Хакода сложил рупором ладони и выкрикнул заготовленные слова. Человек на скале взмахнул руками и прыгнул. Он падал спиной вниз, растопырив руки и ноги. Все онемели.
В могучем всплеске оранжевого пламени разлетелся на куски роскошный «датсун». Густой яростный взрыв взметнул пыль, опавшую листву. Кощеев затряс головой — заложило уши.

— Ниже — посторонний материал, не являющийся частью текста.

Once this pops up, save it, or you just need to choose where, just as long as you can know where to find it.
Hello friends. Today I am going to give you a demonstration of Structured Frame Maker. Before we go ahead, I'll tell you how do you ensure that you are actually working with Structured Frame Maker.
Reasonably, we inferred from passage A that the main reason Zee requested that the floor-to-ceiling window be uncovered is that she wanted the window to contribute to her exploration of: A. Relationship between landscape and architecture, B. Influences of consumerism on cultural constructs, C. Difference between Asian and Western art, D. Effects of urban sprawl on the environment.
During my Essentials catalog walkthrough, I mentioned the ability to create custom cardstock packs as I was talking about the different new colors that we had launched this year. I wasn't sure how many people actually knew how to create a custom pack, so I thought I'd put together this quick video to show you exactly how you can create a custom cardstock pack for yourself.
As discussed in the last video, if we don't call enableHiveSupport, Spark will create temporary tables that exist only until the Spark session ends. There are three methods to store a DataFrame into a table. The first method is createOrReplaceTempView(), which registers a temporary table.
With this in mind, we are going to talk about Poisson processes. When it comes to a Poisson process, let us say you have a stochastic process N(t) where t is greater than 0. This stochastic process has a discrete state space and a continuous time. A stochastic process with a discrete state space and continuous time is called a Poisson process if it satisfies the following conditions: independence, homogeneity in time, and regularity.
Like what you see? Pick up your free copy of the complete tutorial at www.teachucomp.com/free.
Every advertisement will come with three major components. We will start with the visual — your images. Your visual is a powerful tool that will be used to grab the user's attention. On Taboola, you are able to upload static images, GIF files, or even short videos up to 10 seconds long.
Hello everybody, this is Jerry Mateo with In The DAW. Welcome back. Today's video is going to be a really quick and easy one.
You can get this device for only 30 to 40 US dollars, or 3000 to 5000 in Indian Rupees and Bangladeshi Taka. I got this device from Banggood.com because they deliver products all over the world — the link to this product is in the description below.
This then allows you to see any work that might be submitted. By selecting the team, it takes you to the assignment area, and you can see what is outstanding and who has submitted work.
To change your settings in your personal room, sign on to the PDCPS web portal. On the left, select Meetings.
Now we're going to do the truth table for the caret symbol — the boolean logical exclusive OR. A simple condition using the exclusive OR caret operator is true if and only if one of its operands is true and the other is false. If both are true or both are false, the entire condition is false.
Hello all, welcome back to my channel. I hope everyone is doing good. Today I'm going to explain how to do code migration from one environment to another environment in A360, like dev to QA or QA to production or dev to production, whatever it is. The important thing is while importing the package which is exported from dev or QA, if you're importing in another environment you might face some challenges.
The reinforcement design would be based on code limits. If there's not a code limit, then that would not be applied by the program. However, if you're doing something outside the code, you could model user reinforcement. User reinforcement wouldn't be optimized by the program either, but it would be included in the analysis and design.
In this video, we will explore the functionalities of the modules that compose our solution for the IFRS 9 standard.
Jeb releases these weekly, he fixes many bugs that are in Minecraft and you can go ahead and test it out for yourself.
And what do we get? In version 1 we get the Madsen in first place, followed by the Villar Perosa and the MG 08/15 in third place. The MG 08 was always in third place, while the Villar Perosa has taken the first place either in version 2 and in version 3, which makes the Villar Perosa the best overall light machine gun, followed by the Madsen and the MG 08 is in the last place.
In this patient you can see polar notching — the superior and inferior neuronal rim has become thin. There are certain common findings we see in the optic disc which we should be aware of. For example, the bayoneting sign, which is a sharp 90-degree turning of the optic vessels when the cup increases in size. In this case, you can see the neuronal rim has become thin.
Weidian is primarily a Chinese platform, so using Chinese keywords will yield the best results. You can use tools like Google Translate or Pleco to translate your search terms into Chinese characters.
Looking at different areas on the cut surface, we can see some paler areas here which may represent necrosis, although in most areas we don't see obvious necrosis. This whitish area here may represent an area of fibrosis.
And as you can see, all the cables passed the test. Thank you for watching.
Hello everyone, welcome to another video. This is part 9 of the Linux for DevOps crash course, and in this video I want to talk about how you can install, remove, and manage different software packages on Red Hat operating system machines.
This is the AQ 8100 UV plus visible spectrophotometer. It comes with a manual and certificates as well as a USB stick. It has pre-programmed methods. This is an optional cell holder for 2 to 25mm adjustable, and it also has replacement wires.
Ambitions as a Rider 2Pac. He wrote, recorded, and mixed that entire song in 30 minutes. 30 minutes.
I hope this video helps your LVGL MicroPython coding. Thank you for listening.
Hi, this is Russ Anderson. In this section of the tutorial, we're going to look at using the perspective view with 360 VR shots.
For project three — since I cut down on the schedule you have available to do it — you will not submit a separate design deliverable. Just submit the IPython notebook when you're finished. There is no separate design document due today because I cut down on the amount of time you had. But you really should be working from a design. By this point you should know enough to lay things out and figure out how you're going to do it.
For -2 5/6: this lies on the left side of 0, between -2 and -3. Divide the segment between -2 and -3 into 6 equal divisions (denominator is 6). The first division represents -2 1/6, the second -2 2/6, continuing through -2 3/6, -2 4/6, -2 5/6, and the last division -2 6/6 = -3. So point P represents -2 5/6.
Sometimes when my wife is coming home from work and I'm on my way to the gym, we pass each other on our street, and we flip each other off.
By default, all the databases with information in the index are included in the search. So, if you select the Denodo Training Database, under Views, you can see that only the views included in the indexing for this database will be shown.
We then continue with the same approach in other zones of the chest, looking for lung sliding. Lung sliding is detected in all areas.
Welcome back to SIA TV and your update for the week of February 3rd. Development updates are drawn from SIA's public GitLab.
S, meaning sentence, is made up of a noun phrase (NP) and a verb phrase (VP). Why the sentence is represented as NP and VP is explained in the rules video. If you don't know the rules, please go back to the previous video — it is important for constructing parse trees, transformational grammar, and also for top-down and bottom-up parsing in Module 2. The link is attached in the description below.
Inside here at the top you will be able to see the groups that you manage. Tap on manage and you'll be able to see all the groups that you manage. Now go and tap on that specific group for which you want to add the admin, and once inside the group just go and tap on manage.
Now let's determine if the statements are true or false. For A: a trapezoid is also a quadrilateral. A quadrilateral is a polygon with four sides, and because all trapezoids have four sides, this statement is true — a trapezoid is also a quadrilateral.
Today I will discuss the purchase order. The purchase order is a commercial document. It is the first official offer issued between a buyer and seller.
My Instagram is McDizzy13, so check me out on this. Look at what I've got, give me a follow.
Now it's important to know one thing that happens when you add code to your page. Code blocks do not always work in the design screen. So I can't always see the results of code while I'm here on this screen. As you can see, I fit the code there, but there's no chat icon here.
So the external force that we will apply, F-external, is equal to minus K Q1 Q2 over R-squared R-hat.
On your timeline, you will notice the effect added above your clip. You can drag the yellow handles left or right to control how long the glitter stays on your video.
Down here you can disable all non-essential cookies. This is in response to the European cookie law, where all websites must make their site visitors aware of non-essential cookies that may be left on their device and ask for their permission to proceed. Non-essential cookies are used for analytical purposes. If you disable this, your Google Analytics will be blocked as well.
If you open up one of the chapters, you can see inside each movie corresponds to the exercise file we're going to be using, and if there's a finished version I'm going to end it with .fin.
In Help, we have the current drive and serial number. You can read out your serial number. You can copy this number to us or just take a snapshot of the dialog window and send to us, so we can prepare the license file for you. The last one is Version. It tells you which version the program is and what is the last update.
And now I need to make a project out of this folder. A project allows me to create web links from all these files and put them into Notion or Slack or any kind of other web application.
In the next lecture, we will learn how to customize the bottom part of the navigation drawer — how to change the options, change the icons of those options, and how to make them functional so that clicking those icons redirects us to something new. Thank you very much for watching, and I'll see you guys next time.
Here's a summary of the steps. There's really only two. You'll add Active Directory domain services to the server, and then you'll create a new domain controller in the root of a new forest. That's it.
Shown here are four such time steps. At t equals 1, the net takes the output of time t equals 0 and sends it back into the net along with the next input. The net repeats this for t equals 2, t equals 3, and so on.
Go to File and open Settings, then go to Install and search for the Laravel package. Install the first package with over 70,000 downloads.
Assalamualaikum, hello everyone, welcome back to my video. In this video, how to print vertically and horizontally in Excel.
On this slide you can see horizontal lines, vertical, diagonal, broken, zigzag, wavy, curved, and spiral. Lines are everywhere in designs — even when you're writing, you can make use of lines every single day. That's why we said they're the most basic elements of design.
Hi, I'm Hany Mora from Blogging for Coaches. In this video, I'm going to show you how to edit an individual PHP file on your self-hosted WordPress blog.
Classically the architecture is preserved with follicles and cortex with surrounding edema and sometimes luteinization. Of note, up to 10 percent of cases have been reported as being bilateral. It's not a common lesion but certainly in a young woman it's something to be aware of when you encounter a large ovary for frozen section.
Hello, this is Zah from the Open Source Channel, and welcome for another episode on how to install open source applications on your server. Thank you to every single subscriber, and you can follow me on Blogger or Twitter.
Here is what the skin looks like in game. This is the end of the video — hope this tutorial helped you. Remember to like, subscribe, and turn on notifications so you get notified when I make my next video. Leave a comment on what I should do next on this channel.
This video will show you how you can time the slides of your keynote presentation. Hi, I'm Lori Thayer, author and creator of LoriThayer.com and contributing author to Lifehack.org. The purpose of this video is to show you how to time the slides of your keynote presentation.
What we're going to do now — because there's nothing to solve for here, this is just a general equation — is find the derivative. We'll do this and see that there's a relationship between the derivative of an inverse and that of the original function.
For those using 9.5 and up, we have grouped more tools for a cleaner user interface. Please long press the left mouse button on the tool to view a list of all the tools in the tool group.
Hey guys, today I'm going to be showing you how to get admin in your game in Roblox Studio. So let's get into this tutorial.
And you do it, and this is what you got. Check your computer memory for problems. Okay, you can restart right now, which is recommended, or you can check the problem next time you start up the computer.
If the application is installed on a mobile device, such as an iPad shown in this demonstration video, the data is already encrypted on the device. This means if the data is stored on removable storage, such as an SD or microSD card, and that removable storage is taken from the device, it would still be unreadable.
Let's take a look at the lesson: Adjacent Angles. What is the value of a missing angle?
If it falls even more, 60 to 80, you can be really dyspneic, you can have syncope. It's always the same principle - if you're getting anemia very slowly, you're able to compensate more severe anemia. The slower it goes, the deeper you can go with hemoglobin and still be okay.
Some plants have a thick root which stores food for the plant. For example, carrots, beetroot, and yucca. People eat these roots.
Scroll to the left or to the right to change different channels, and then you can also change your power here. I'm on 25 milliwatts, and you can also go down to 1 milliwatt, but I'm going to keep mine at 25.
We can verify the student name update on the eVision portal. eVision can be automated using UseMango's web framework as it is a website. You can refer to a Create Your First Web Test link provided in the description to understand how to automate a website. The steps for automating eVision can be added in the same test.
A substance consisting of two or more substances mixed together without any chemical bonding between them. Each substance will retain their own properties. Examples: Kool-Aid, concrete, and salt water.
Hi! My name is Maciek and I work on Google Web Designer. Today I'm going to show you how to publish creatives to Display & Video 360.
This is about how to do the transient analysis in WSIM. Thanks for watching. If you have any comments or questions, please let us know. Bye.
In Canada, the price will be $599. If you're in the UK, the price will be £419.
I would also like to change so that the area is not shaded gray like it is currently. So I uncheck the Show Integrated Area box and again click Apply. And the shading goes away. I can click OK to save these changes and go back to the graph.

Что-то катилось по камням, дребезжа. Что-то, объятое дымным пламенем, падало, кружась. Жалкий уродец «кляво» не устоял на своих слабых ногах. Опрокинутый взрывной волной, перевернулся несколько раз, размалывая с хрустом стекло, и замер на боку, вращая мотоциклетными колесами.
— Почему в машину?! — пробормотал Мотькин. — Мог бы и в нас… — Лицо его было серым, почти синюшным. Зажав пальцами нос, он «продул» уши. — Слышь, братцы? Мог бы и в нас?!
Зацепин и Чень разглядывали в бинокли скалы и лес.
— Вот тебе и зверь с пятачком, — зло произнес Кощеев. — Сидели бы сейчас у бога за пазухой, не дожевав.
Подошли к горящим останкам лимузина. Посудили-порядили. Всем было ясно, что смертник свалился на машину не сослепу, не сдуру. Выбирал же цель! Вот чем обернулись призывы Ченя и Хакоды к фанатикам… Почти каждый из мирноделегатов и бойцов встречался с ними или был наслышан о японских отчаянных вояках, которые по приказу или добровольно становились смертниками. Решили: значит, приказ был дан смертнику тогда, когда все были еще в машинах. И приказ тот выполнен с пунктуальной точностью.